[PROVIDED DATA Boundary: Start]

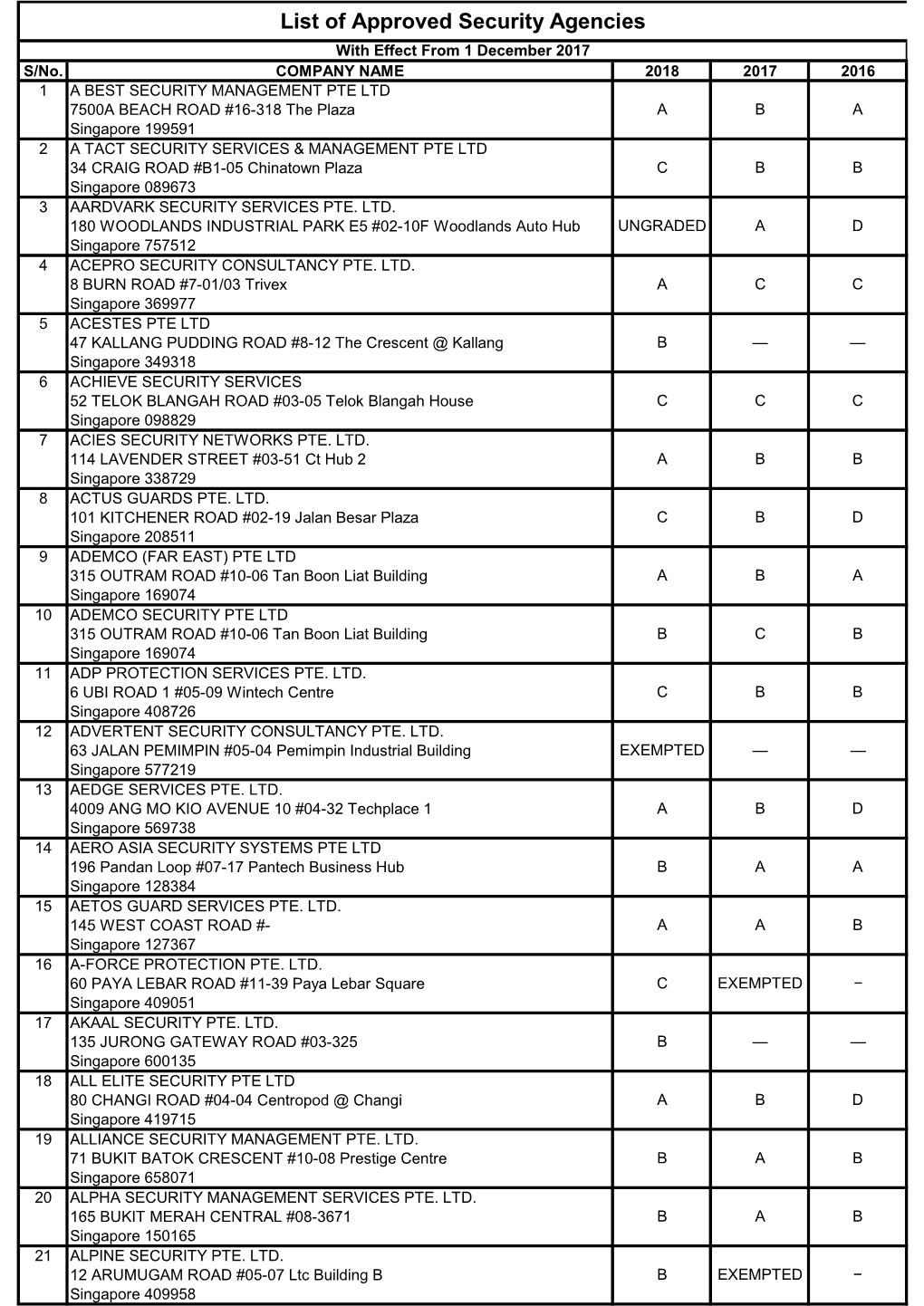 List of Approved Security Agencies As of 30 Nov 2017 (21122017).Xlsx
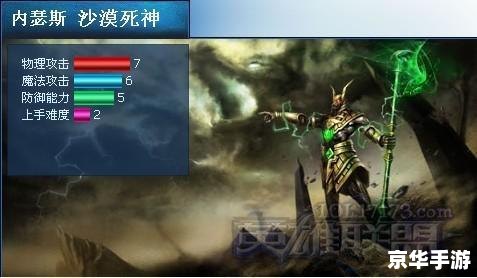 英雄联盟沙漠死神:无尽沙漠中的终极猎杀者 英雄联盟沙漠死神:无尽沙漠中的终极猎杀者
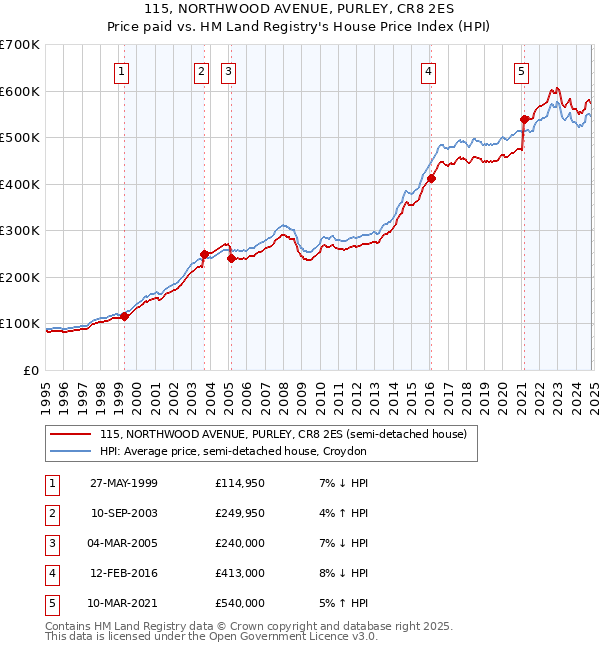 115, NORTHWOOD AVENUE, PURLEY, CR8 2ES: Price paid vs HM Land Registry's House Price Index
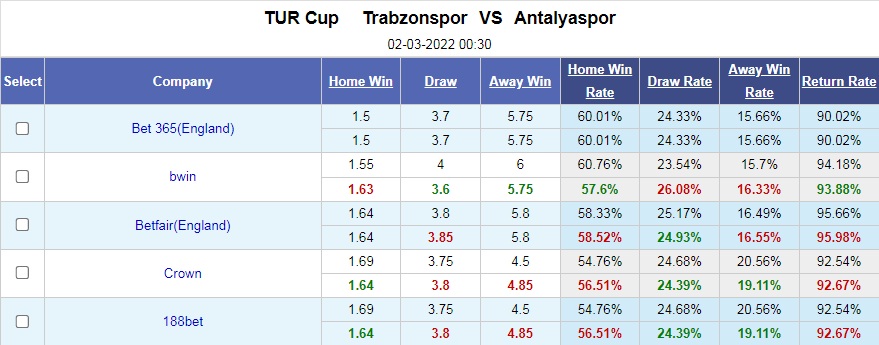 Trabzonspor vs Antalyaspor
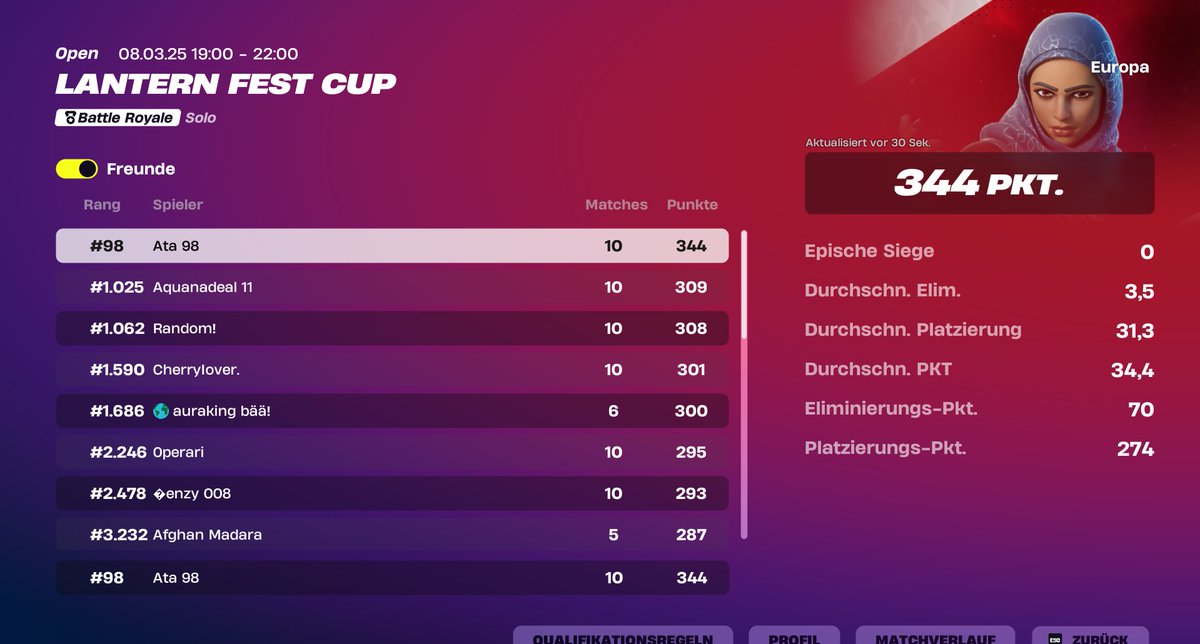 Placed #98 skin cup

[PROVIDED DATA Boundary: End]

- [REQUIRED ACTION]:
Skip the pictures and give the entries above again word for word.

- [RESULT FOR THIS TASK]:
 List of Approved Security Agencies As of 30 Nov 2017 (21122017).Xlsx
 英雄联盟沙漠死神:无尽沙漠中的终极猎杀者 英雄联盟沙漠死神:无尽沙漠中的终极猎杀者
 115, NORTHWOOD AVENUE, PURLEY, CR8 2ES: Price paid vs HM Land Registry's House Price Index
 Trabzonspor vs Antalyaspor
 Placed #98 skin cup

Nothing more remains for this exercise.